Developments in court
“However, after about six months, there was a hearing where social workers from the local authority gave evidence about the birth parents' capabilities as carers, and it began to look very unlikely that they’d be able to look after Euan. Then a relative put in an application to care for him. This was hard; a mystery person coming along.
“We took it a step at a time and finally the relative concluded she couldn’t take care of him either.
How you cope
“It’s funny the little things you do for self preservation. I like nice children’s clothes but I found I couldn't buy him things; I had to play it day at a time. I had a couple of friends with lovely things and I just used the borrowed clothes.
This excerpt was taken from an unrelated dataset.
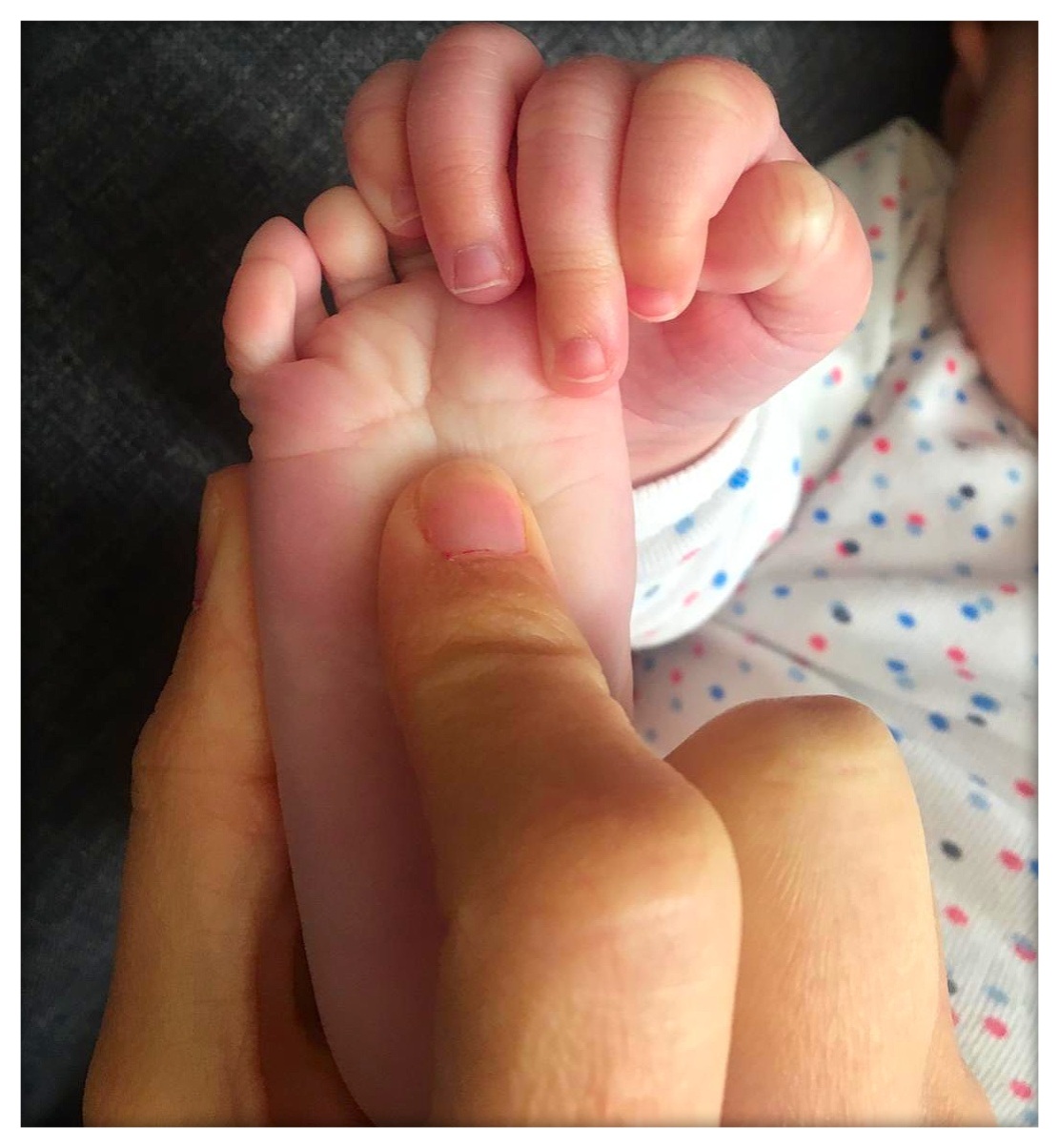 main massant un pied de bébé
“There was one moment, towards the end of the process, when Euan wasn’t sleeping and we were lying on the bed and I was pretending to sleep to try and get him off. He reached out and touched my face. And I thought, ‘Who are you kidding, you love this baby so much’.
“Our social workers helped by arranging for us to meet a set of carers who looked after a baby who was returned back to the birth family. They reassured us that if it looks as if the child may return home you have a good idea early on and are supported. We always thought, 'If he doesn’t come to us, we’ve given him a good start'.
Reflecting on the process
“Concurrent Planning is intense and absolutely child centred. That said, I would be surprised if there were many concurrent carers who regret going through it.
“Today, Euan has a very happy life. He goes to a music class, little gym and playgroups. He’s outgoing and friendly.
"As soon as we had the Adoption Order, we started calling ourselves Mummy and Daddy, instead of our first names, from that moment all the walls came down."